Introduction

Imagine you are playing a high-stakes match of virtual reality table tennis against a friend halfway across the world. You swing your controller, expecting your avatar to mirror the movement instantly. But there’s a catch: the internet connection fluctuates. Your swing data travels through a Wide Area Network (WAN), encountering unpredictable delays before reaching the game server or your opponent’s display.

In the world of computer vision and robotics, this is known as the latency problem. Whether it is a surrogate robot replicating a human’s movements or a metaverse avatar interacting with a virtual environment, time delays caused by network transmission and algorithm execution are inevitable.

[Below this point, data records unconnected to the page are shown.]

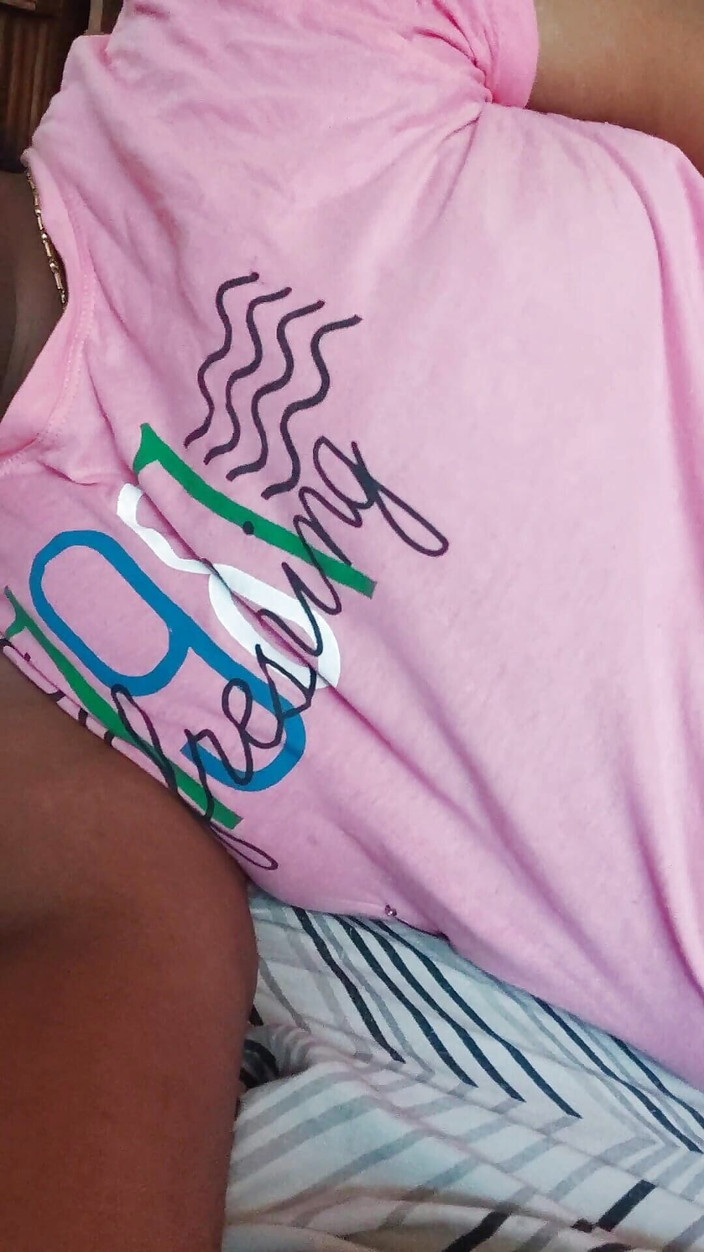 Realmallucouplevlog: Mallu Tamil Girl Enjoing Herself and Showing Hairy Leg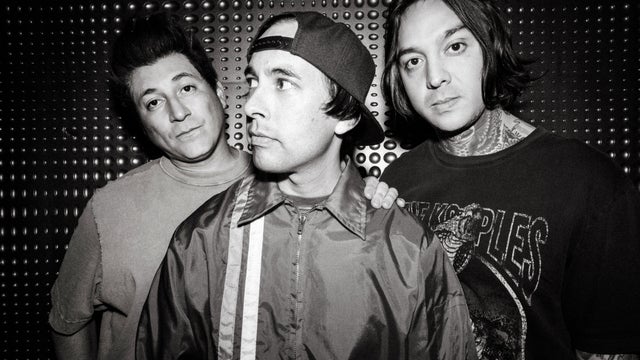 תמונה עבור Pierce The Veil - I Can’t Hear You World Tour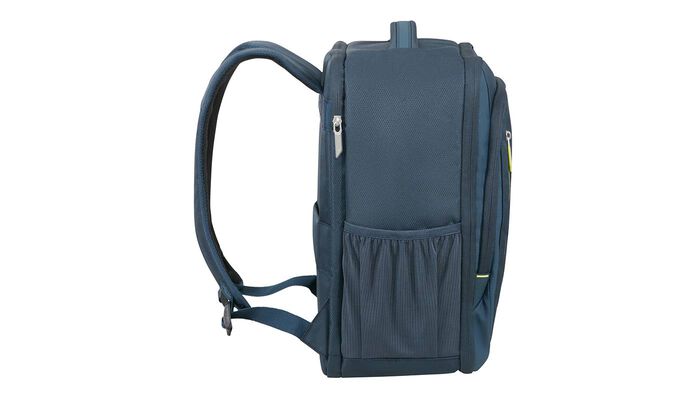 Vyhradená priehradka na notebook 15,6"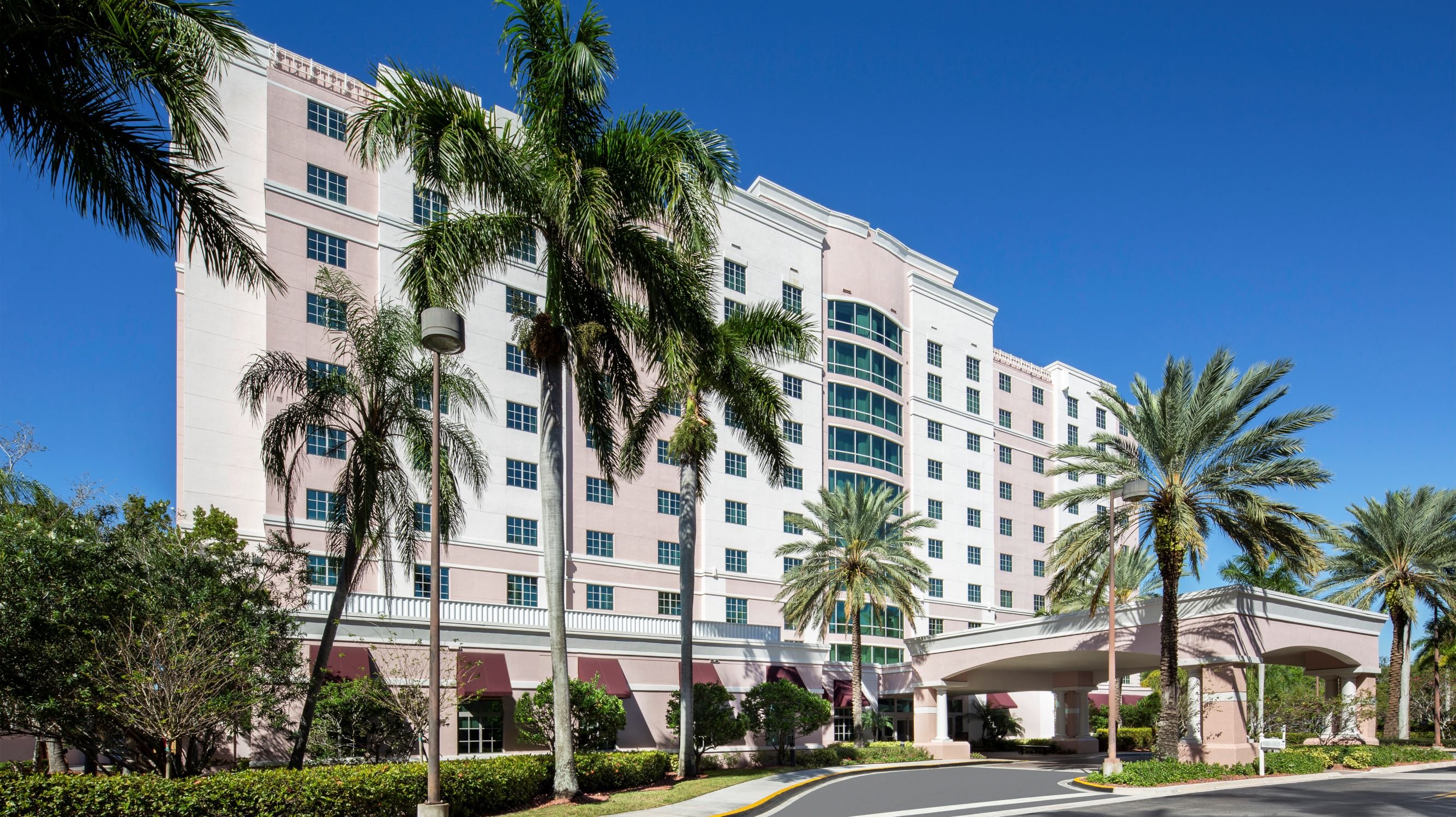 DOUBLETREE BY HILTON HOTEL SUNRISE SAWGRASS MILLS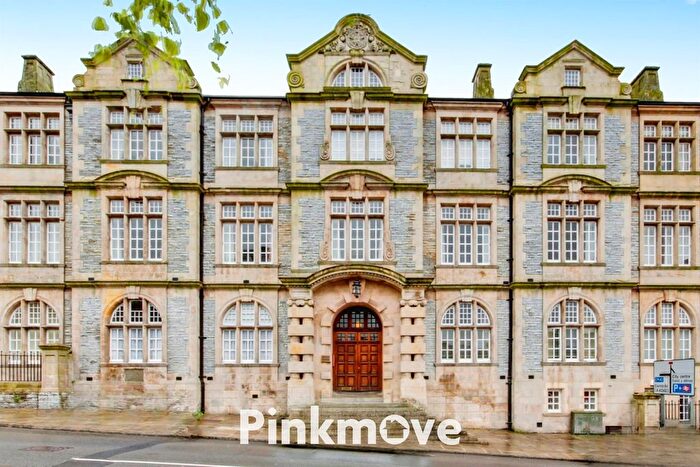 2 Bedroom Flat For Sale In Pentonville, Newport, NP20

For years, research in human motion prediction has operated under an idealized assumption: zero latency. Existing models assume that as soon as a movement is observed, the prediction for the immediate future can be generated and applied instantly.

But in the real world, latency is not only present; it is arbitrary. It varies from tens to hundreds of milliseconds based on network stability. If a prediction model expects zero delay but encounters a 200ms lag, the continuity of the motion is broken, and the system fails to anticipate the human’s actual position.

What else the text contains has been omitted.